Like a lot of grumpy old network admins, you can pry my Nagios from my cold dead fingers. I know it inside out, and deep knowledge of a particular tool often gets better results that unfamiliarity with a (theoretically) superior tool. Nagios + Cacti = monitoring, alerting, and historical performance happiness.

Zenoss is one heck of a sophisticated, enterprise network monitoring, alerting, and IT systems management application that may be the better choice under certain conditions. If you’re riding herd on less than 100 networked devices, or manage a static network that rarely changes it’s probably overkill, though it doesn’t hurt anything to try it out. (You might want to count your network hosts, as even a small network often contains more nodes than you might think: printers, laptops, tablets, routers, wireless access points, smart switches, smartphones…)

Nagios vs. Zenoss

Zenoss dashboard

Both Nagios and Zenoss have free community editions, and commercial versions with more functionality. It is easier to learn about Nagios without installing it first because there are several live demos for all Nagios versions, and you can even log in as Administrator and mess things up. The nice Zenoss people have invested considerable effort into producing flashy videos, Webex sessions, whitepapers, and blogs, but it is all heavily-larded with marketingspeak, there are no live hands-on demos like there are for Nagios, and the enterprise evaluation and some of the presentations require jumping through registration or salespeople hoops. (Fie on Webex anyway, as it is unreliable and never wants to work for me.)
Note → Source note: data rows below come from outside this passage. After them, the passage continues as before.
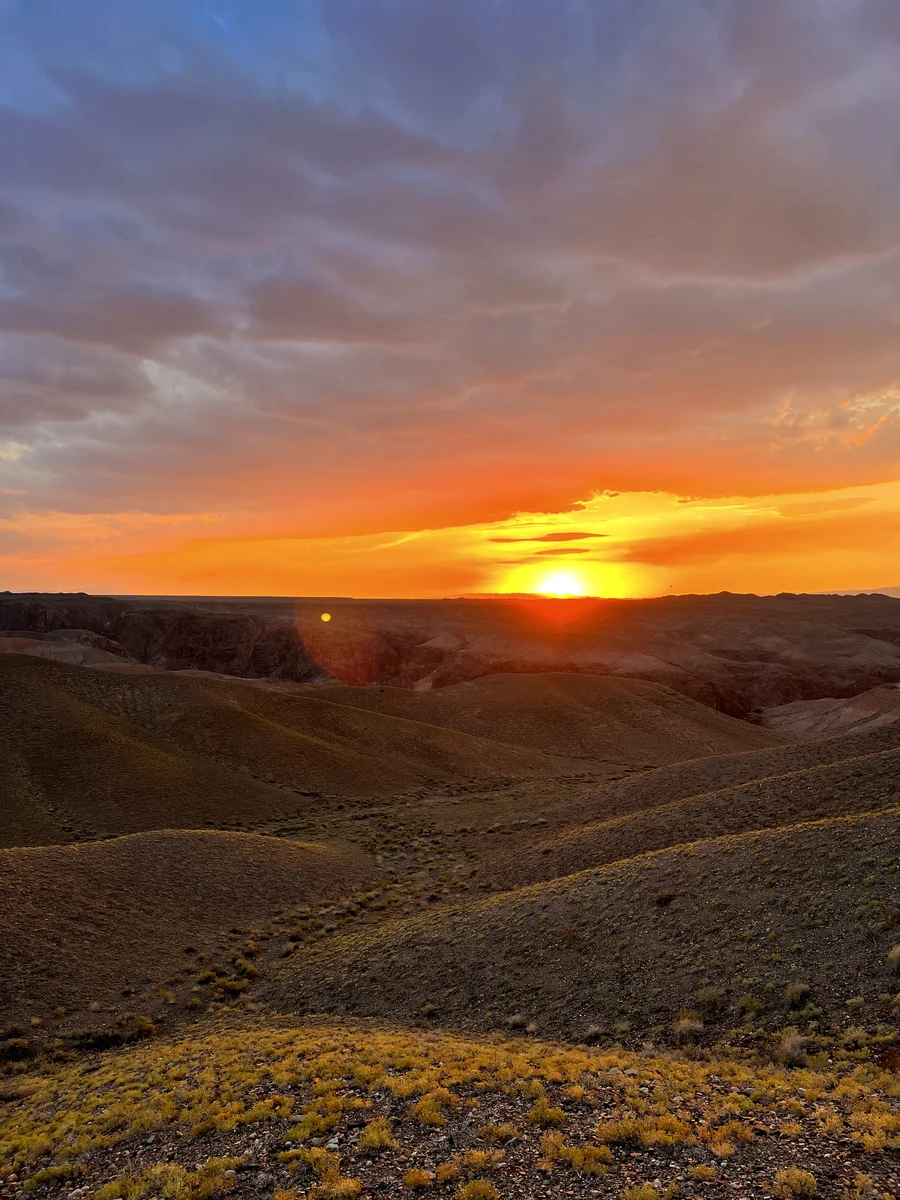 Private SUV Tours (Kazakhstan & Kyrgyzstan)
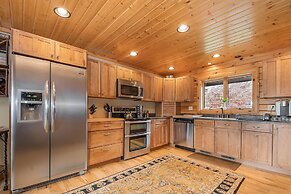 Happyplace Hideaway by Taylor Made Deep Creek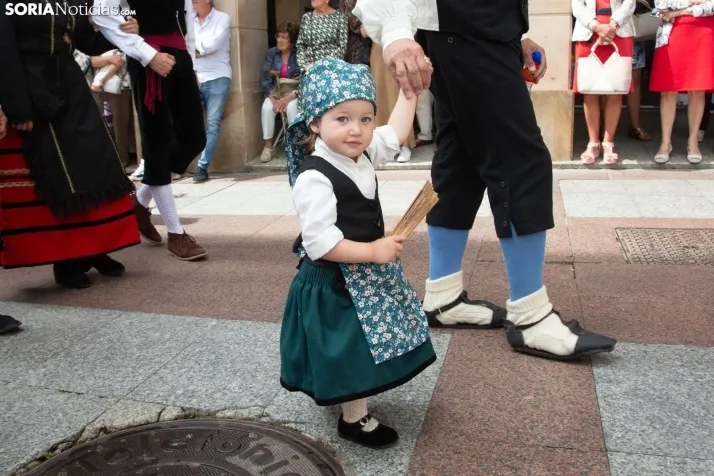 Desfile de Calderas 2024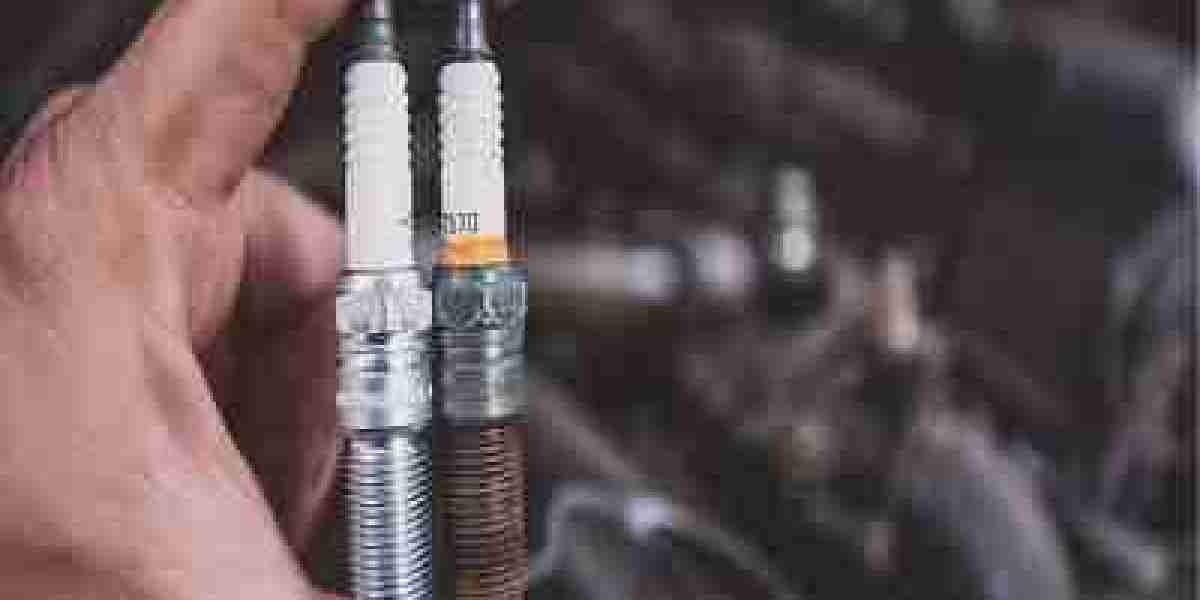 Spark plug Market is Set To Fly High in Years to Come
The “killer feature” that used to set Zenoss apart is its excellent network host auto-detection. Nagios has this now via a number of good third-party plugins that detect hosts and write Nagios configuration files for them. Nagios has mobile plugins, high-availability, mass quantities of plugins, and it’s not hard to write your own, so it is easy to customize.

Both have cloud support, and reams of good documentation: books, howtos, blogs, videos, and even the official vendor docs are pretty good.

Zenoss Service Dynamics

So when would you choose Zenoss over Nagios? When you have a large, complex network: multiple locations, networked storage, virtual machines, clouds, mobile devices, and whatever else people are stuffing into their IT infrastructures these days. Zenoss Service Dynamics (not included in the free core) gives a complete, real-time picture of a complex dynamic network. Its most valuable ability, in my sometimes humble opinion, is the dependency and service mapping that shows the relationships between all of your various network elements. This is priceless when you’re troubleshooting, because it shows the exact linkages between services, servers, virtual machines, and storage. They even have a feature called “Automated Root Cause Analysis” for zeroing in on problem spots.

Zenoss bundles some nice analytics so you can easily track workloads and find bottlenecks. It even has some flashy predictive analytics to help plan when and where to add capacity.

You can automate responses and fixes for problems. For example, stop and start services when certain performance thresholds are reached, send alerts to humans, generate trouble tickets, and trigger custom scripts to do whatever else you might want, like re-allocating cloud resources.

A Bit More Than Pointy-Clicky

If you do decide to go with Zenoss, there are a few caveats you must know about. Zenoss has a pretty AJAX-based Web interface, but it still requires a bit more effort and knowledge than point-and-click. You still need to understand snmp, MIBs, Linux networking utilities, network protocols, and the servers and services you’re monitoring. Zenoss offers online training courses via Webex. These are all things any network admin should know, but sometimes people get the idea that a pretty interface means you don’t need to know anything.

The dashboard is customizable with the addition or removal of portlets (see above), and there are all kinds of community-supported portlets to try in addition to the stock portlets. If you know a bit of Python or JavaScript you can write your own.

Zenoss runs on the usual LAMP stack, and Zenoss Core is included in a number of Linux distributions for easy installation and updates. You can also download VMWare images for Linux, Mac, and Windows, and binary stack installers that bundle all dependencies for Linux and Mac. Source tarballs should build on pretty much any Unix-y operating system.